**Aim of the task**
Which lines run from the one containing "Maillot Manchester City" through the end of the data? Write them out exactly, with the pictures left out.

**Raw data**
_ _ _

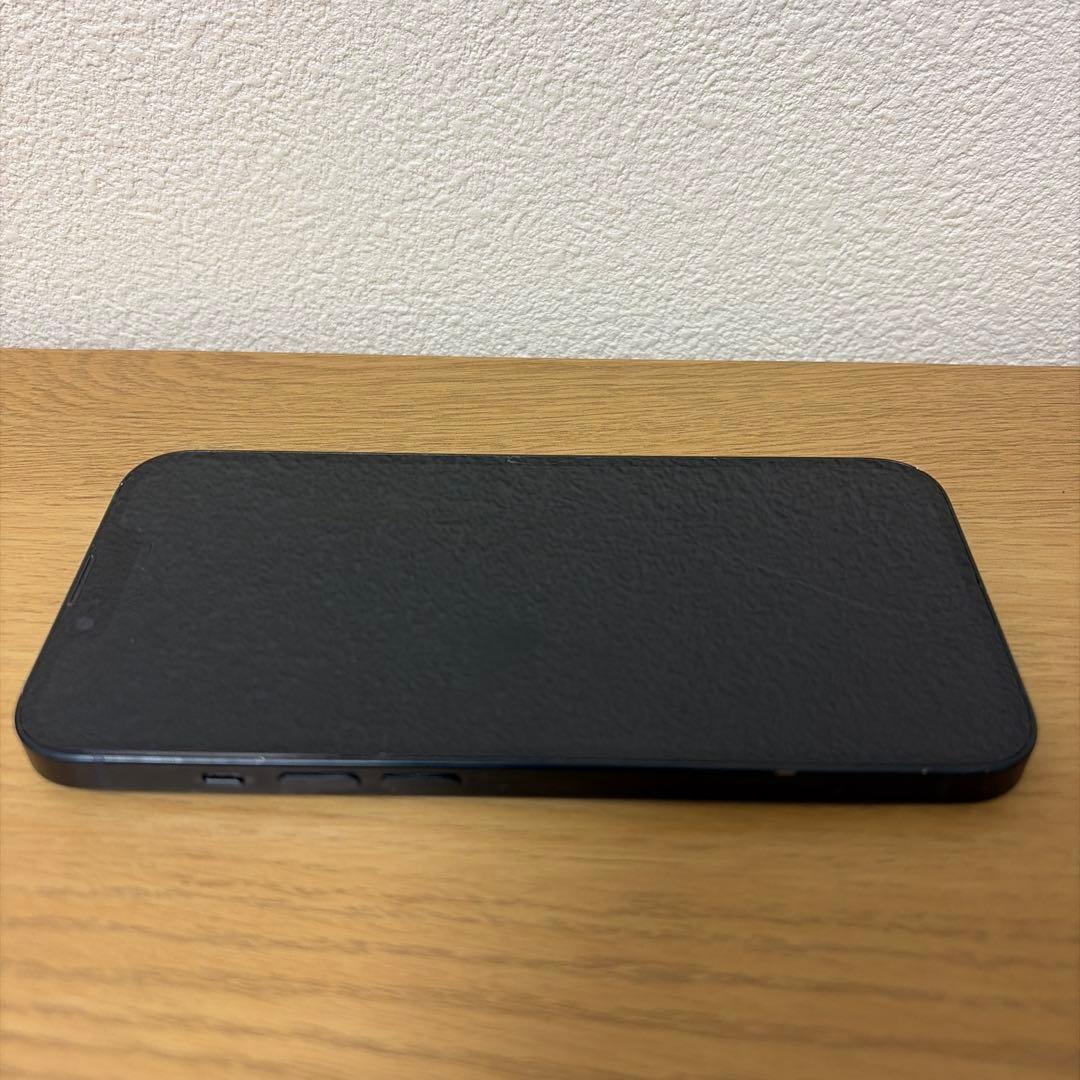 iPhone13 ミッドナイト 128GB 画面ひびあり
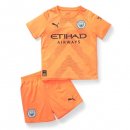 Maillot Manchester City Gardien Enfant 2022-23 Rose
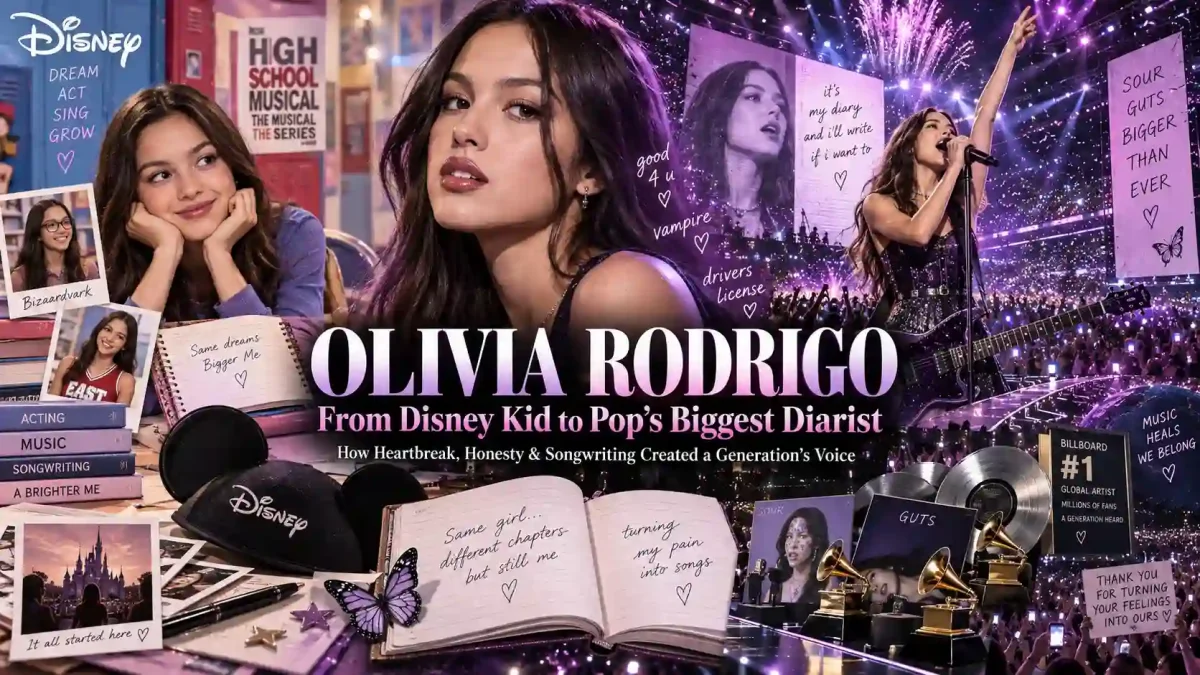 Olivia Rodrigo: From Disney Kid to Pop’s Biggest Diarist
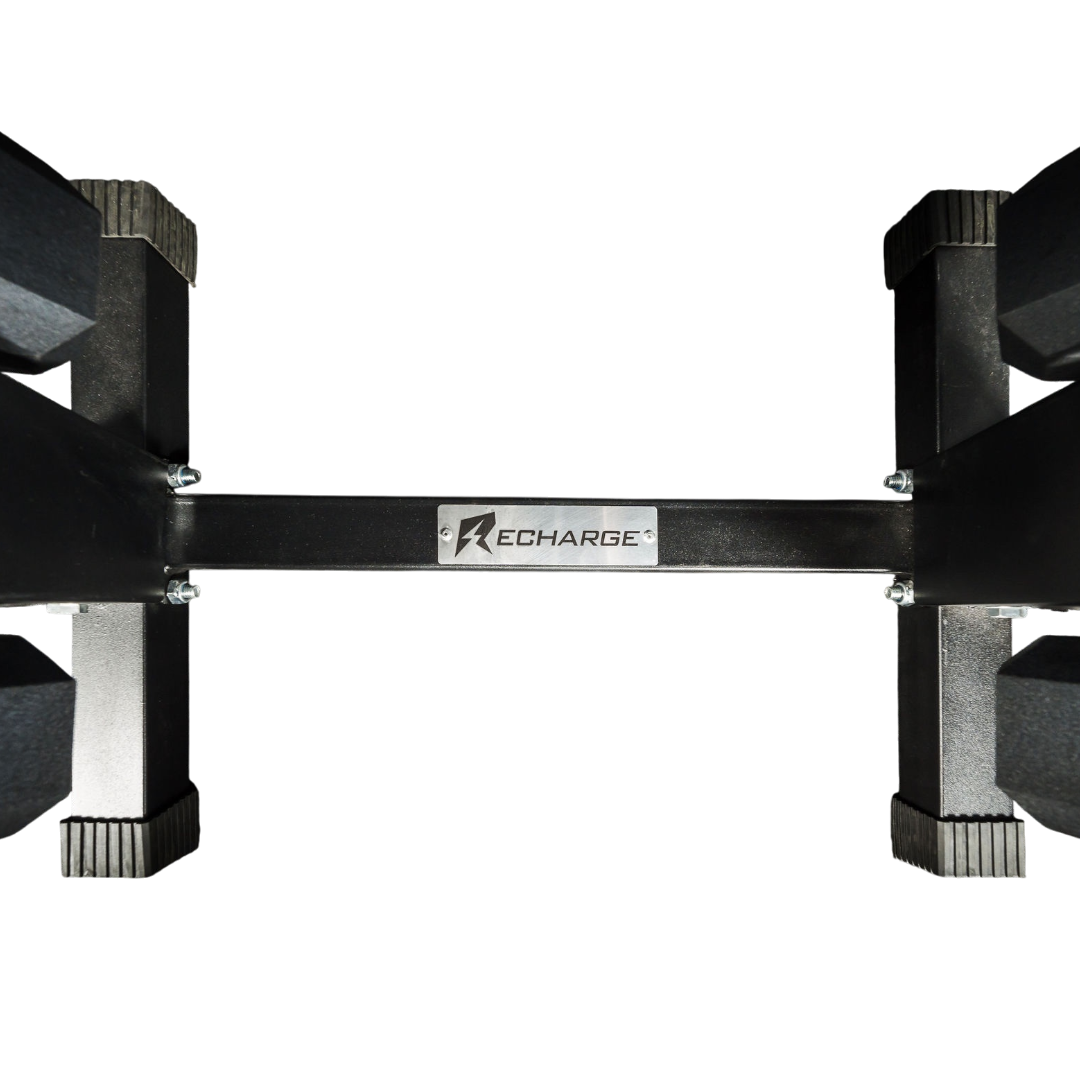 Curved Dumbbell Rack 1-10kg | Recharge Fitness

_ _ _

**Task result**
 Maillot Manchester City Gardien Enfant 2022-23 Rose
 Olivia Rodrigo: From Disney Kid to Pop’s Biggest Diarist
 Curved Dumbbell Rack 1-10kg | Recharge Fitness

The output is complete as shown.